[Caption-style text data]
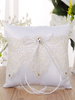 Oreiller mariage strass dentelle arcs anneau oreiller porteurs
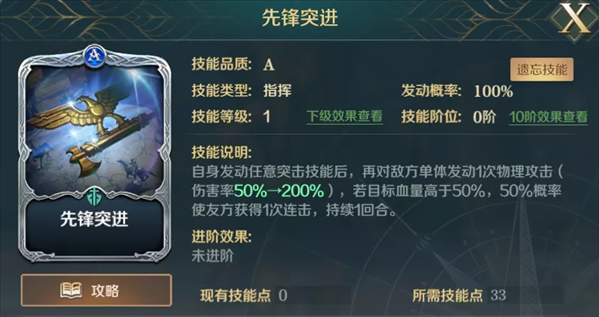 文明与征服五星全A技能超低配突击队阵容推荐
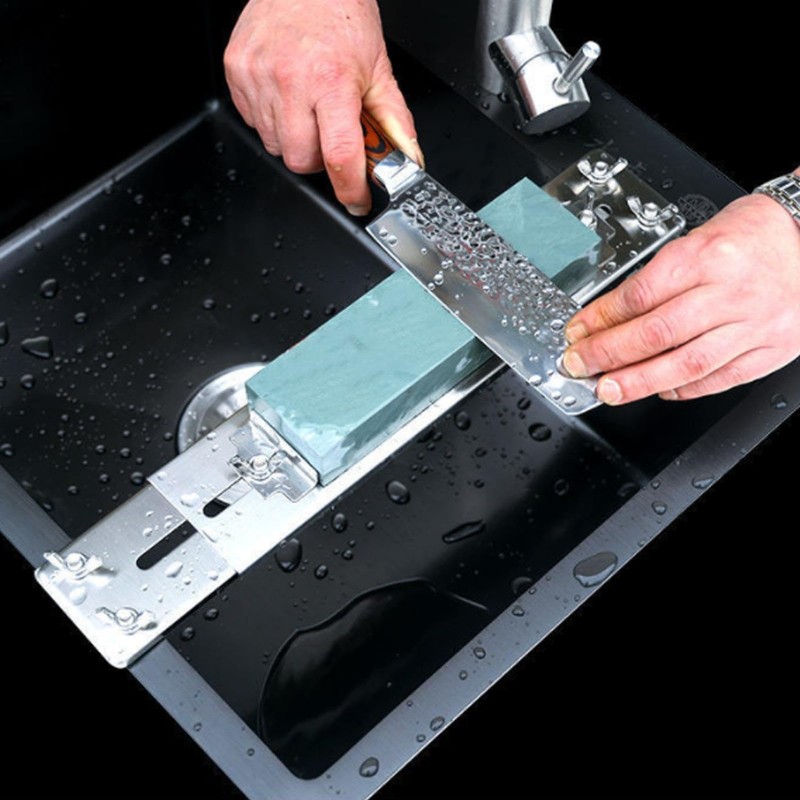 Sharpening Stone Holder Sink Bridge | Adjustable Grindstone Sink Bridge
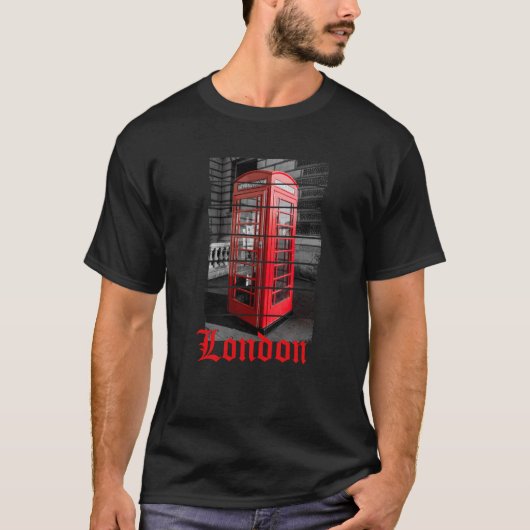 London Phone Box  Souvenir T-shirt (Voorkant)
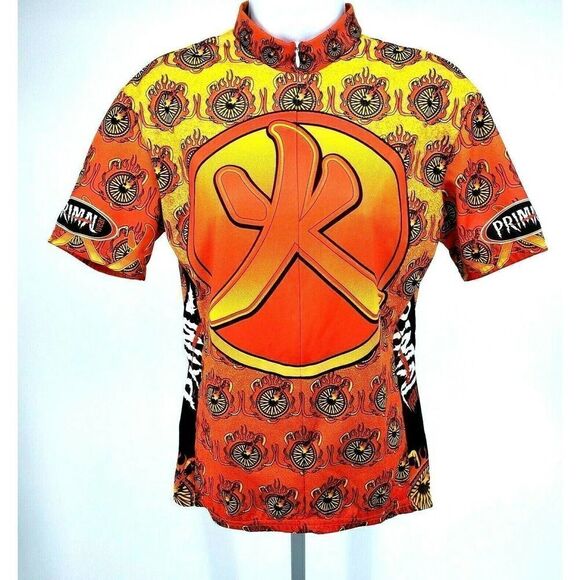 Primal Wear Cycling Jersey Now Zen Wheels Fire - Picture 1 of 11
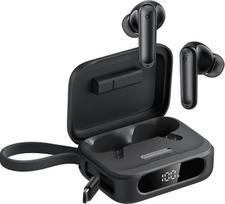 soundcore P41i by Anker su "Lightning" adapteriu (integruotas USB-C laidas), adaptyvios "Bluetooth" triukšmo slopinimo ausinės su nešiojamuoju lazeriu, 192 val. atkūrimo trukmė, aiškūs skambučiai, IPX5, Bluetooth 5.3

* _The problem_
Retype exactly, please, the span from the line holding "Primal Wear Cycling Jersey Now" through the closing line of the data, both ends included, without the pictures.

* _Output for this exercise_
 Primal Wear Cycling Jersey Now Zen Wheels Fire - Picture 1 of 11
 soundcore P41i by Anker su "Lightning" adapteriu (integruotas USB-C laidas), adaptyvios "Bluetooth" triukšmo slopinimo ausinės su nešiojamuoju lazeriu, 192 val. atkūrimo trukmė, aiškūs skambučiai, IPX5, Bluetooth 5.3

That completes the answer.